Como si por haber sido o ser comunista o simplemente de izquierdas, un profesional no tuviese derecho a gastarse 4.000 euros en unas vacaciones cuando le diese la gana siempre y cuando lo hiciese con su propio dinero y no con el ajeno.

En el país de las tarjetas black, donde tantas personas han aprovechado sus cargos en las empresas públicas, medios de comunicación incluidos, para pegarse viajes, alojarse en hoteles y darse comilonas que jamás pagarían de su propio bolsillo, resulta que cierta prensa se escandaliza ahora por el comportamiento de la ex juez Carmena.

En el país de la envidia, el resentimiento y la maledicencia, parece como si cualquiera que defienda las causas sociales, se interese por los problemas de los desahuciados y pague regularmente su cuota de socio a Amnistía Internacional o a Oxfam tuviera que llevar alpargatas como muchos obreros en tiempos de Franco.
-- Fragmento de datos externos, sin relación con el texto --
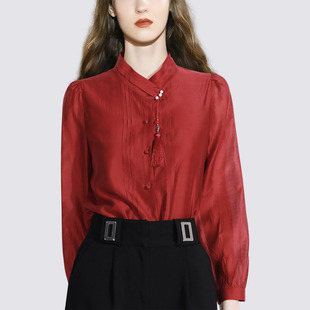 国风新中式别致设计感新年红色潮流衬衫2024春季立领衬衣上衣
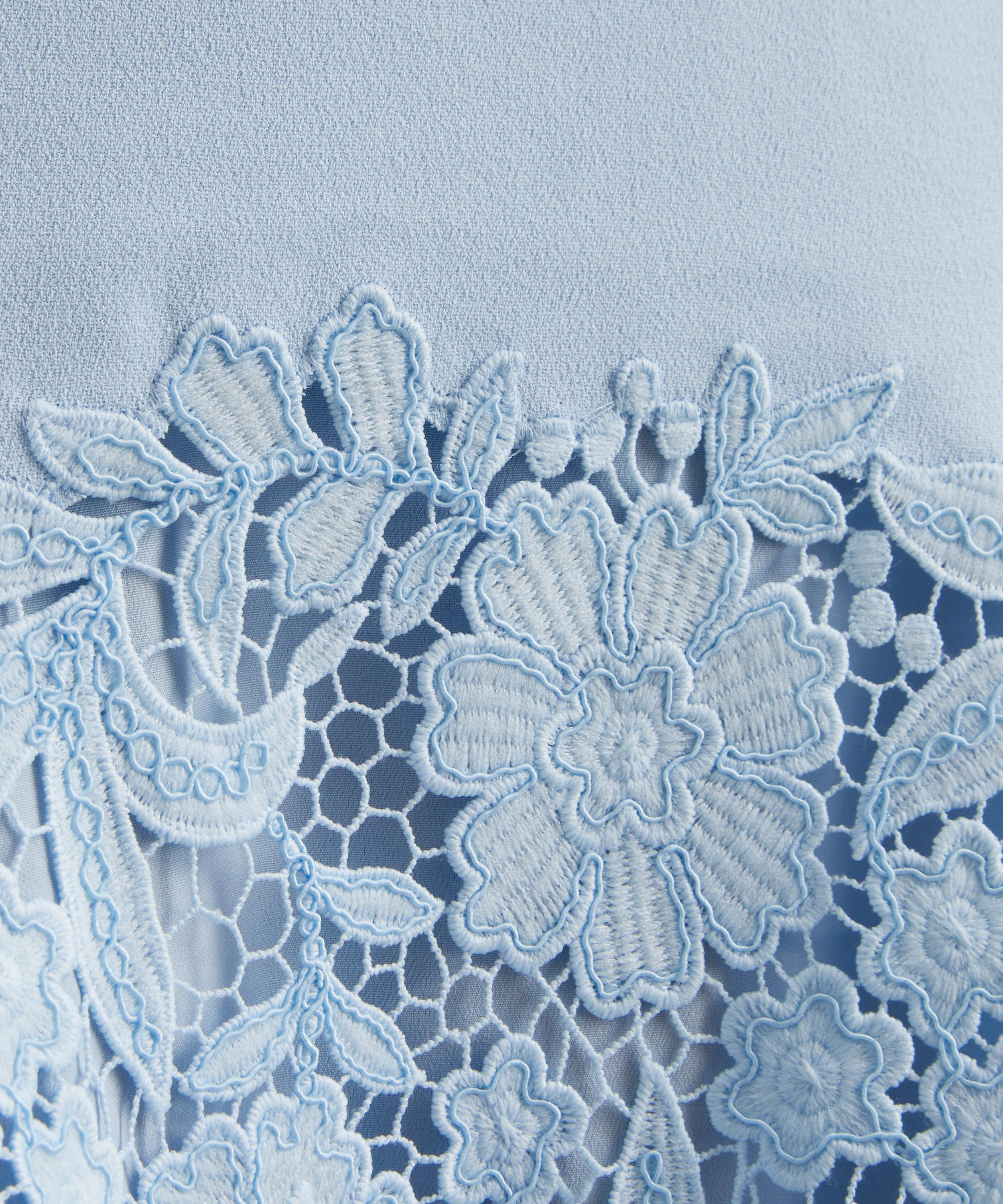 Self-Portrait - Blue Crepe Lace Midi Dress image number 4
O que quien gana suficiente dinero y sigue siendo de izquierdas es un estúpido, un hipócrita o un excéntrico.

Y en este país en el que el automóvil es todavía para muchos un cierto símbolo de estatus, cuando en otros mucho más ricos que el nuestro esto es algo ya superado, el hecho de utilizar los transportes públicos en lugar del coche oficial que los políticos tienen a su disposición es visto como un gesto populista y demagógico.

He seguido desde las últimas elecciones el acoso implacable al que cierta prensa viene sometiendo a los alcaldes y concejales de los nuevos partidos o grupos de izquierda y me pregunto por qué ese control, que llega a extremos absurdos, no se ejerció en el pasado, lo que habría impedido tantos desmanes urbanísticos y evitado tanta corrupción.

Da igual lo que hagan esos representantes de los ciudadanos: da igual que se bajen los sueldos, que vayan en metro al despacho oficial o se queden sin vacaciones. En cualquier caso van a ser criticados por los mismos que poco o nada hicieron antes para evitar esos absurdos despilfarros del dinero público que tienenhoy asfixiados a tantos Ayuntamientos. Aquí parece que algunos no perdonan a quienes alcanzaron el poder legítimamente en las urnas y no están dispuestos a darles siquiera a esos que llaman «extremistas» y «radicales» los cien días de gracia antes de emitir un juicio sobre su gestión.

Y para ello cualquier pretexto, aun el más nimio, es válido. ¡Qué país!